§ Assigned task
The expected output is an exact copy of each line from the line with "Un gimnasio con" through the end of the data below, with no pictures in it.

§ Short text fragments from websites
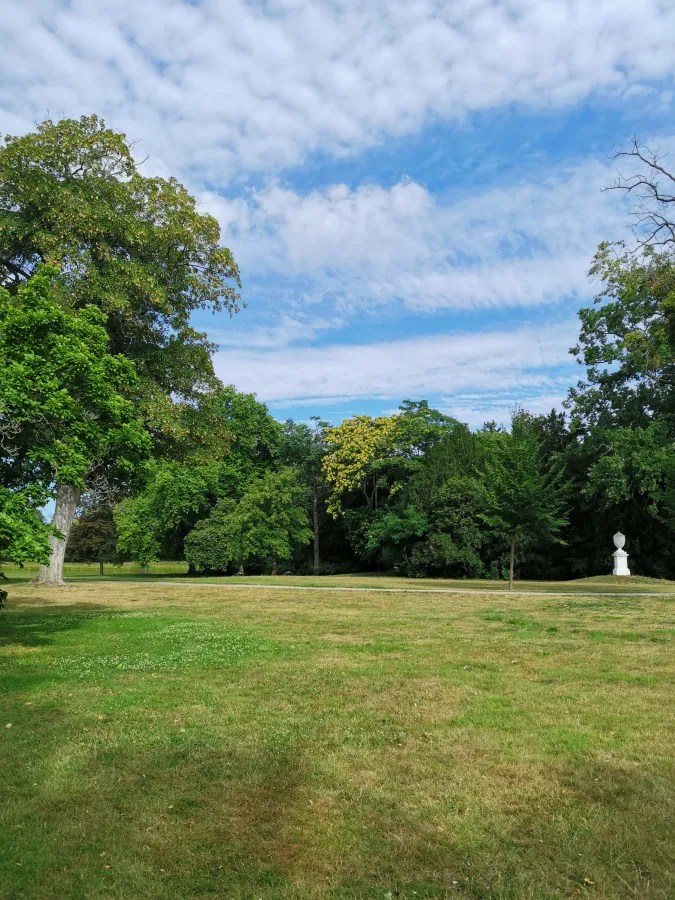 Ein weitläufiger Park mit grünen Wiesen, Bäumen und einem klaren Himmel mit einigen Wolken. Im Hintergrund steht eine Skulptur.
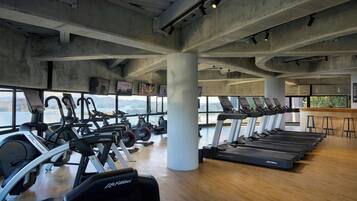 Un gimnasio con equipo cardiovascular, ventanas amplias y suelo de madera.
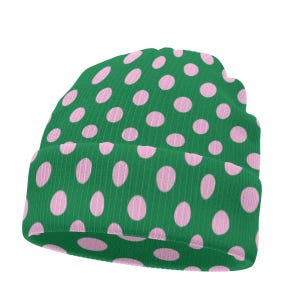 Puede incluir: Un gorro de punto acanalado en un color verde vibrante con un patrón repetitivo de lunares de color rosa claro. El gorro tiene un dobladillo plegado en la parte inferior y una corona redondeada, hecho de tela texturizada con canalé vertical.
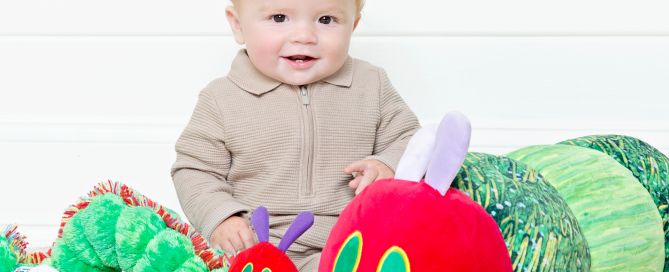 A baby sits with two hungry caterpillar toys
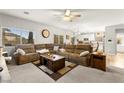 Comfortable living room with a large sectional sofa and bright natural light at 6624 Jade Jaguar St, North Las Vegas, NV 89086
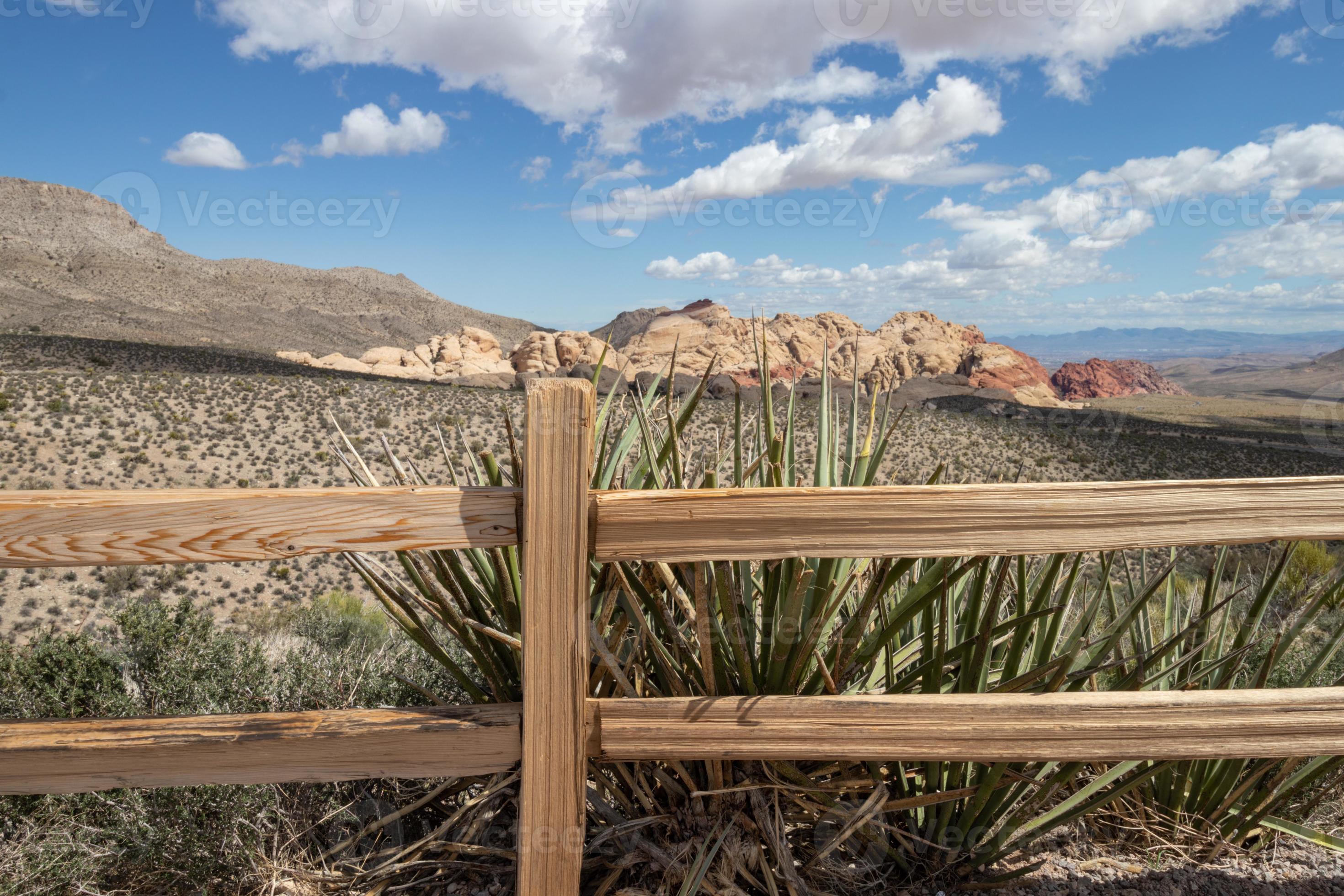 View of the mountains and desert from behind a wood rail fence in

§ Output of the exercise
 Un gimnasio con equipo cardiovascular, ventanas amplias y suelo de madera.
 Puede incluir: Un gorro de punto acanalado en un color verde vibrante con un patrón repetitivo de lunares de color rosa claro. El gorro tiene un dobladillo plegado en la parte inferior y una corona redondeada, hecho de tela texturizada con canalé vertical.
 A baby sits with two hungry caterpillar toys
 Comfortable living room with a large sectional sofa and bright natural light at 6624 Jade Jaguar St, North Las Vegas, NV 89086
 View of the mountains and desert from behind a wood rail fence in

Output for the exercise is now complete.